Exercise description ->
Omit the pictures and output exactly the lines from the start of the entries through the line containing "Volkswagen Polo - 1.4-16V".

Data to use ->

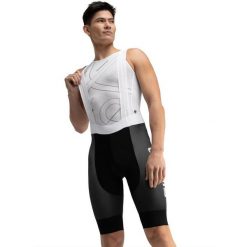 Męskie krótkie spodenki rowerowe Real Sporting de Gijón x. Czarne szorty sportowe męskie SIROKO, bez wzorów, z nylonu, biznesowe. W wyprzedaży za 522.05 zł.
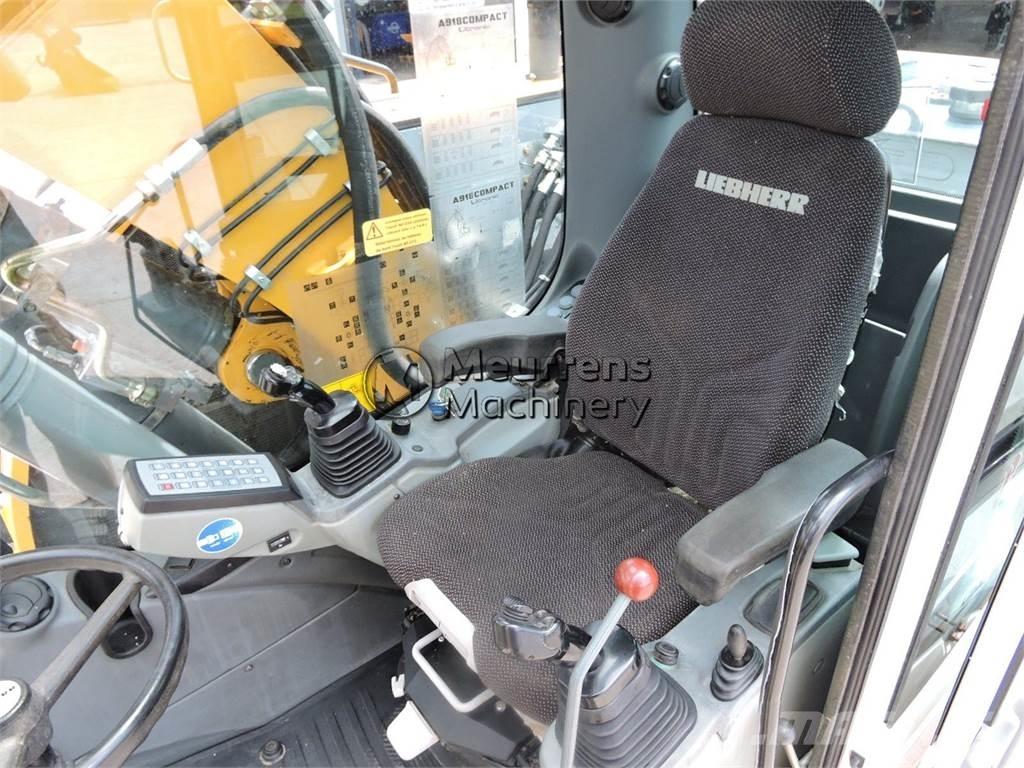 Liebherr A918 ホイール式油圧ショベル（パワーショベル・ユンボ・バックホー）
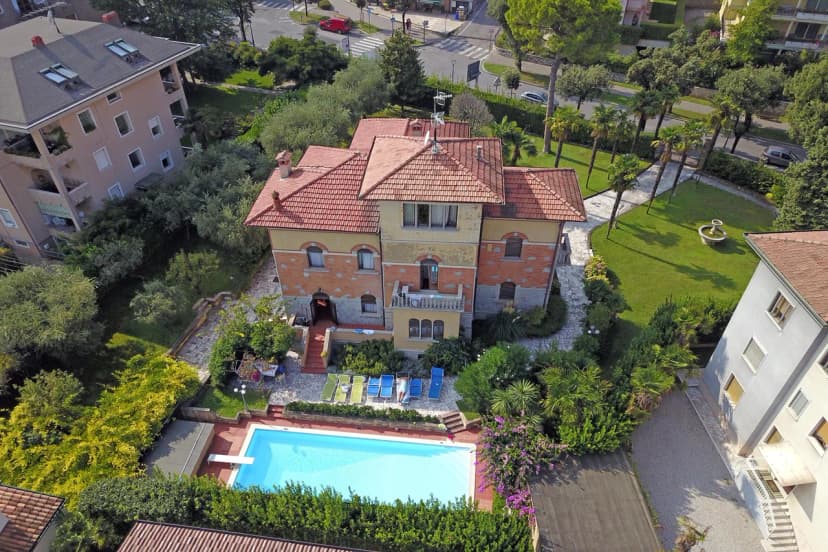 Villa Barbara - Lake Garda Villa with Pool & Views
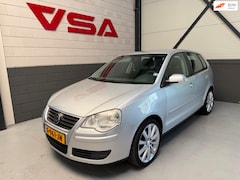 Volkswagen Polo - 1.4-16V Trendline|Airco|5deurs|Trekhaak|elektrische ramen|all-in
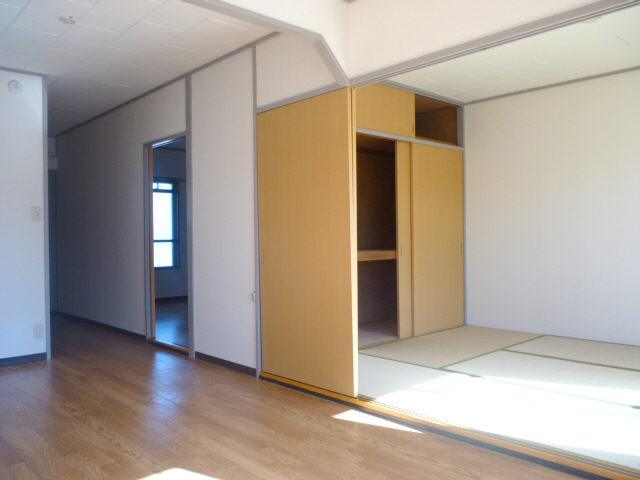 Living and room. DK ・ Japanese-style room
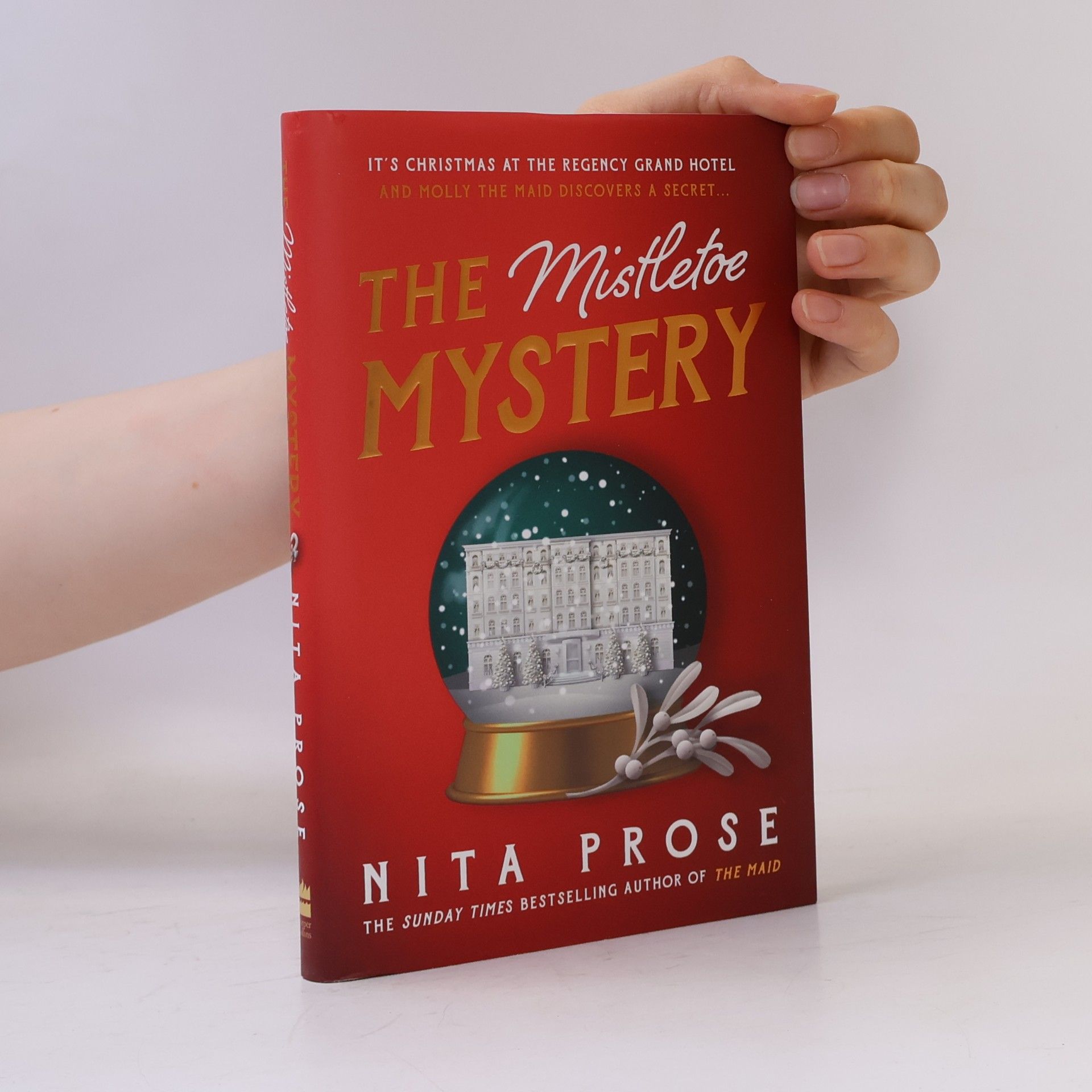 Nita Prose The Mistletoe Mystery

Written answer ->
 Męskie krótkie spodenki rowerowe Real Sporting de Gijón x. Czarne szorty sportowe męskie SIROKO, bez wzorów, z nylonu, biznesowe. W wyprzedaży za 522.05 zł.
 Liebherr A918 ホイール式油圧ショベル（パワーショベル・ユンボ・バックホー）
 Villa Barbara - Lake Garda Villa with Pool & Views
 Volkswagen Polo - 1.4-16V Trendline|Airco|5deurs|Trekhaak|elektrische ramen|all-in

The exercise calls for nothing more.